TASK MATERIAL —
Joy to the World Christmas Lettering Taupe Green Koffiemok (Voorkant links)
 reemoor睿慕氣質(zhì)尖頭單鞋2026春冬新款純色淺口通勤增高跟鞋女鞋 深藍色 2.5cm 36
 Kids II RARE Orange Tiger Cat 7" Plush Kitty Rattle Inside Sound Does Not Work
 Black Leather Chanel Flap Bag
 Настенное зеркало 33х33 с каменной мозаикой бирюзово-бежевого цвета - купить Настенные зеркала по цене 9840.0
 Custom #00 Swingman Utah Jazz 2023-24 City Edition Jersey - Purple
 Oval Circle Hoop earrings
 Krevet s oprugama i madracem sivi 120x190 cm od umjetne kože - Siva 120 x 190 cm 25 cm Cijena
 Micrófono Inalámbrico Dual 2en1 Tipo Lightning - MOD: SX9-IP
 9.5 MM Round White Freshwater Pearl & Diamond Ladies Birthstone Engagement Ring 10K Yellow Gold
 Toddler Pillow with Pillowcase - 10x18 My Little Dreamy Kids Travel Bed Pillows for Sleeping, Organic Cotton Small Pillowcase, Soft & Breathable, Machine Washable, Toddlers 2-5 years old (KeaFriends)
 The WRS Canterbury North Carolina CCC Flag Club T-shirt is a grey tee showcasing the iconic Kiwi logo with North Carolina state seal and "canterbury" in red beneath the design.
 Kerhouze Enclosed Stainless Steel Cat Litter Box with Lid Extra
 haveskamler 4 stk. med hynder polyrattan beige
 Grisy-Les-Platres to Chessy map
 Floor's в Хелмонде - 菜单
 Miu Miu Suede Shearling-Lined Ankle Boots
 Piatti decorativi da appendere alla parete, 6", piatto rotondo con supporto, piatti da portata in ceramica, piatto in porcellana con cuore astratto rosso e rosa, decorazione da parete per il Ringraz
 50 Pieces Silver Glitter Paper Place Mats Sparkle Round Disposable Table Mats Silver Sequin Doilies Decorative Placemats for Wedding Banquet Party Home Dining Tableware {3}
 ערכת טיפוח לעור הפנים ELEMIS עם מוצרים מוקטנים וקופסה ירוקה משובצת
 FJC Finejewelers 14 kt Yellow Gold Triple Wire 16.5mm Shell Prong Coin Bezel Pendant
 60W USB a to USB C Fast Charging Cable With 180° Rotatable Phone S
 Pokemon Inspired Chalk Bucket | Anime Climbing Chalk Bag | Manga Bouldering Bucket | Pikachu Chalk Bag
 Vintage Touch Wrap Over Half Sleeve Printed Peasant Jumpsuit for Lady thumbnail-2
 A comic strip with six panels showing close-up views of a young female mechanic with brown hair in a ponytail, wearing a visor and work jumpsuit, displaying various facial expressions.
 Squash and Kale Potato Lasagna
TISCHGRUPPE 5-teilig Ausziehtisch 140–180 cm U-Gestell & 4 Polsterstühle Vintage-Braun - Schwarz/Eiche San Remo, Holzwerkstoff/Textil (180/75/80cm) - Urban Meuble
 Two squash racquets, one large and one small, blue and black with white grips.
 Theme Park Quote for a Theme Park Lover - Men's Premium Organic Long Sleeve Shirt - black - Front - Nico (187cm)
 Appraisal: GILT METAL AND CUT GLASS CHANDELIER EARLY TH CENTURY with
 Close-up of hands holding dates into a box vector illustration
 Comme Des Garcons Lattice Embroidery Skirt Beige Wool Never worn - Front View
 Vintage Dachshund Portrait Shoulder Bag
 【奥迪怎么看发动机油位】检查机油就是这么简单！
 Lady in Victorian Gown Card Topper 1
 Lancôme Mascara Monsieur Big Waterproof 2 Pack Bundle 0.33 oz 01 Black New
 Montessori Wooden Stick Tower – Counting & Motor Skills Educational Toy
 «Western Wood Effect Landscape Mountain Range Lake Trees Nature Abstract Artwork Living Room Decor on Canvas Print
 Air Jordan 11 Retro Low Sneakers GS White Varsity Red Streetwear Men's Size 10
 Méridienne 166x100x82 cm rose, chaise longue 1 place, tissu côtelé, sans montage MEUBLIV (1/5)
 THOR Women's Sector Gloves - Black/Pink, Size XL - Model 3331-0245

TRY IT —
What you should produce is an exact restatement of all the material.

PROBLEM SOLUTION —
Joy to the World Christmas Lettering Taupe Green Koffiemok (Voorkant links)
 reemoor睿慕氣質(zhì)尖頭單鞋2026春冬新款純色淺口通勤增高跟鞋女鞋 深藍色 2.5cm 36
 Kids II RARE Orange Tiger Cat 7" Plush Kitty Rattle Inside Sound Does Not Work
 Black Leather Chanel Flap Bag
 Настенное зеркало 33х33 с каменной мозаикой бирюзово-бежевого цвета - купить Настенные зеркала по цене 9840.0
 Custom #00 Swingman Utah Jazz 2023-24 City Edition Jersey - Purple
 Oval Circle Hoop earrings
 Krevet s oprugama i madracem sivi 120x190 cm od umjetne kože - Siva 120 x 190 cm 25 cm Cijena
 Micrófono Inalámbrico Dual 2en1 Tipo Lightning - MOD: SX9-IP
 9.5 MM Round White Freshwater Pearl & Diamond Ladies Birthstone Engagement Ring 10K Yellow Gold
 Toddler Pillow with Pillowcase - 10x18 My Little Dreamy Kids Travel Bed Pillows for Sleeping, Organic Cotton Small Pillowcase, Soft & Breathable, Machine Washable, Toddlers 2-5 years old (KeaFriends)
 The WRS Canterbury North Carolina CCC Flag Club T-shirt is a grey tee showcasing the iconic Kiwi logo with North Carolina state seal and "canterbury" in red beneath the design.
 Kerhouze Enclosed Stainless Steel Cat Litter Box with Lid Extra
 haveskamler 4 stk. med hynder polyrattan beige
 Grisy-Les-Platres to Chessy map
 Floor's в Хелмонде - 菜单
 Miu Miu Suede Shearling-Lined Ankle Boots
 Piatti decorativi da appendere alla parete, 6", piatto rotondo con supporto, piatti da portata in ceramica, piatto in porcellana con cuore astratto rosso e rosa, decorazione da parete per il Ringraz
 50 Pieces Silver Glitter Paper Place Mats Sparkle Round Disposable Table Mats Silver Sequin Doilies Decorative Placemats for Wedding Banquet Party Home Dining Tableware {3}
 ערכת טיפוח לעור הפנים ELEMIS עם מוצרים מוקטנים וקופסה ירוקה משובצת
 FJC Finejewelers 14 kt Yellow Gold Triple Wire 16.5mm Shell Prong Coin Bezel Pendant
 60W USB a to USB C Fast Charging Cable With 180° Rotatable Phone S
 Pokemon Inspired Chalk Bucket | Anime Climbing Chalk Bag | Manga Bouldering Bucket | Pikachu Chalk Bag
 Vintage Touch Wrap Over Half Sleeve Printed Peasant Jumpsuit for Lady thumbnail-2
 A comic strip with six panels showing close-up views of a young female mechanic with brown hair in a ponytail, wearing a visor and work jumpsuit, displaying various facial expressions.
 Squash and Kale Potato Lasagna
TISCHGRUPPE 5-teilig Ausziehtisch 140–180 cm U-Gestell & 4 Polsterstühle Vintage-Braun - Schwarz/Eiche San Remo, Holzwerkstoff/Textil (180/75/80cm) - Urban Meuble
 Two squash racquets, one large and one small, blue and black with white grips.
 Theme Park Quote for a Theme Park Lover - Men's Premium Organic Long Sleeve Shirt - black - Front - Nico (187cm)
 Appraisal: GILT METAL AND CUT GLASS CHANDELIER EARLY TH CENTURY with
 Close-up of hands holding dates into a box vector illustration
 Comme Des Garcons Lattice Embroidery Skirt Beige Wool Never worn - Front View
 Vintage Dachshund Portrait Shoulder Bag
 【奥迪怎么看发动机油位】检查机油就是这么简单！
 Lady in Victorian Gown Card Topper 1
 Lancôme Mascara Monsieur Big Waterproof 2 Pack Bundle 0.33 oz 01 Black New
 Montessori Wooden Stick Tower – Counting & Motor Skills Educational Toy
 «Western Wood Effect Landscape Mountain Range Lake Trees Nature Abstract Artwork Living Room Decor on Canvas Print
 Air Jordan 11 Retro Low Sneakers GS White Varsity Red Streetwear Men's Size 10
 Méridienne 166x100x82 cm rose, chaise longue 1 place, tissu côtelé, sans montage MEUBLIV (1/5)
 THOR Women's Sector Gloves - Black/Pink, Size XL - Model 3331-0245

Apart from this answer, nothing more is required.